Even though hamantaschen are traditionally served during Purim, no one will be upset to see these jam-filled pastries out at your Hanukkah party. The Vegan Atlas’ recipe uses vegan butter and replaces eggs with applesauce. The recipe even uses spelt flour as a replacement for traditional white flour.
Sufganiyot, aka Jelly Donuts
This recipe for vegan jelly donuts comes courtesy of PETA and The Big Bang Theory actress and author Mayim Bialik. Also known as sufganiyot, these traditional donuts are typically made of fried, yeasted dough, which is coated in sugar and stuffed full of sweet jam or jelly. Bialik’s version is like most others, though it uses plant-based milk, butter, and eggs instead of animal-based options. Like many other recipes on this list, these donuts are labor-intensive, but they are worth both the effort and the calories.
PB&J Graham Cracker Thumbprints
If donuts and buttery pastries aren’t your speed, you could go for a lighter form of dessert confection. These thumbprint cookies from Minimalist Baker replace the eggs in a traditional recipe with a flax egg that does the trick.
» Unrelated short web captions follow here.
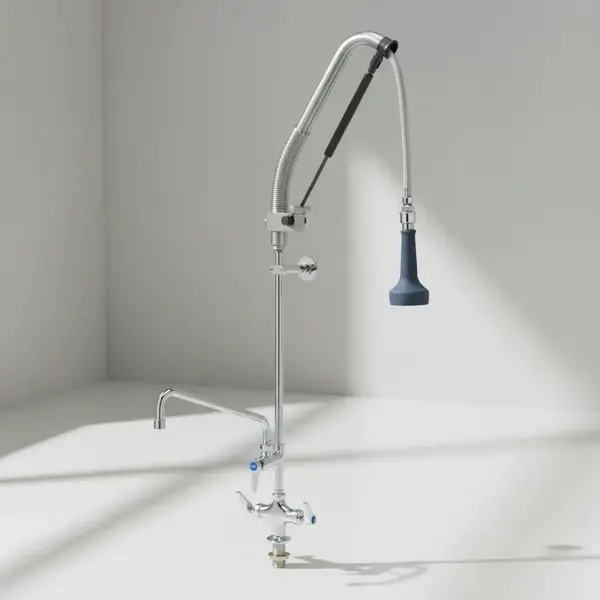 T&S Brass B-0113-12-CRB8P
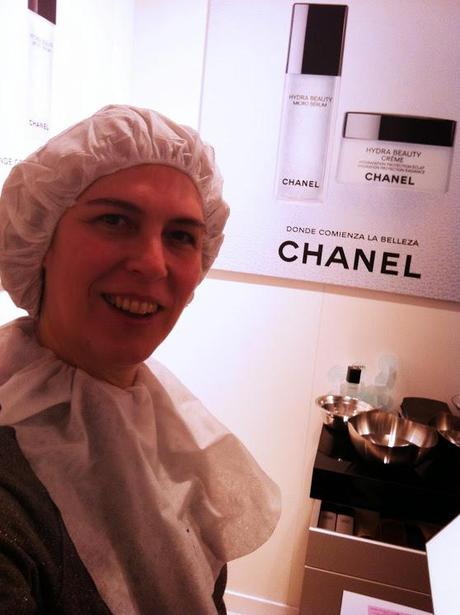 Los Talleres de Belleza de Chanel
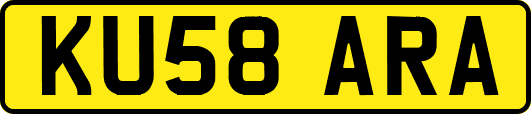 KU58ARA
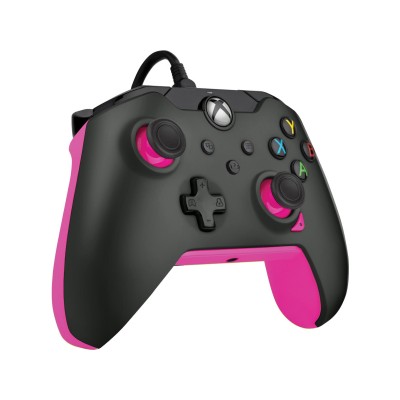 PDP XS Fuse Black Wired Pad (049-012-GP)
The nostalgic combo of peanut butter and jelly is sure to please kids and grownups alike.
Apple, Ginger & Cardamom Compote
It might seem like applesauce is a no-brainer when it comes to plant-based eating, and it is, but that doesn’t mean it can’t be a yummy addition to your next holiday dessert offering. This Apple, Ginger & Cardamom Compote from Green Kitchen Stories is a robust play on an old classic and might enhance some palettes by introducing new flavors to the fam. It also pairs well with potato latkes during the main course.